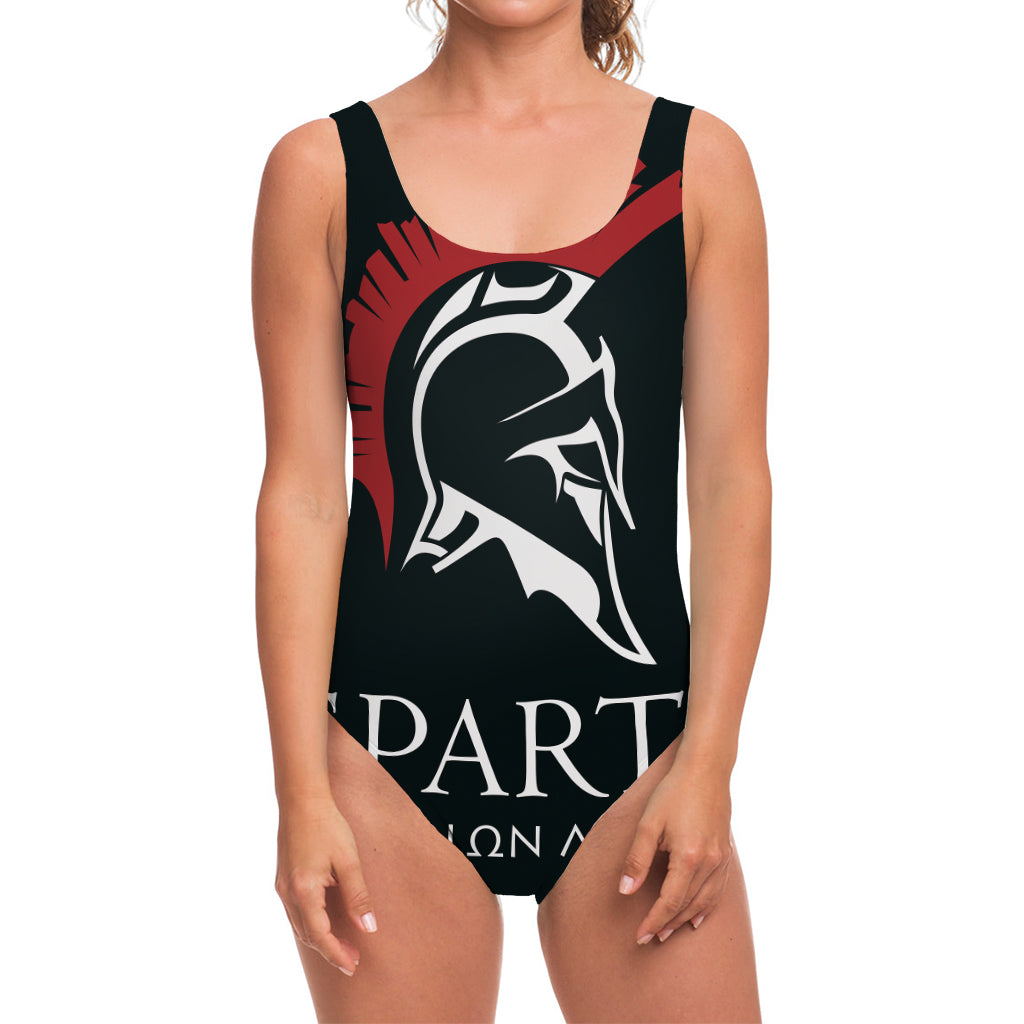 Spartan Molon Labe Print One Piece Swimsuit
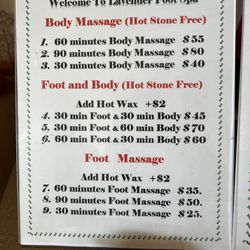 Lavender Foot Spa - Price list 4/7/24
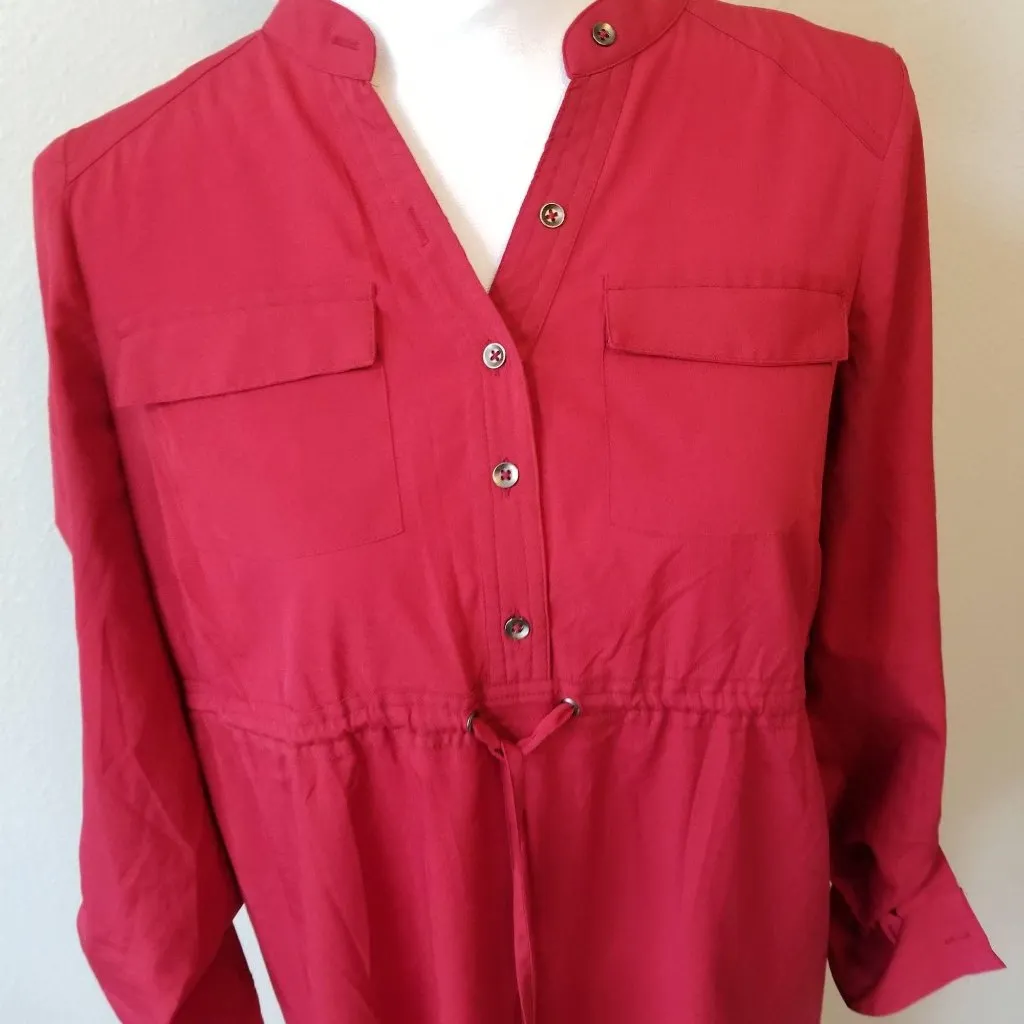 Motherhood Maternity Red Button-Down Tunic Dress S - Image 2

## Task to complete
The required output is the span of lines from the line with "Lavender Foot Spa - Price list 4/7/24" through the final line of the listing above, reproduced exactly, minus the pictures.

## Answer section
 Lavender Foot Spa - Price list 4/7/24
 Motherhood Maternity Red Button-Down Tunic Dress S - Image 2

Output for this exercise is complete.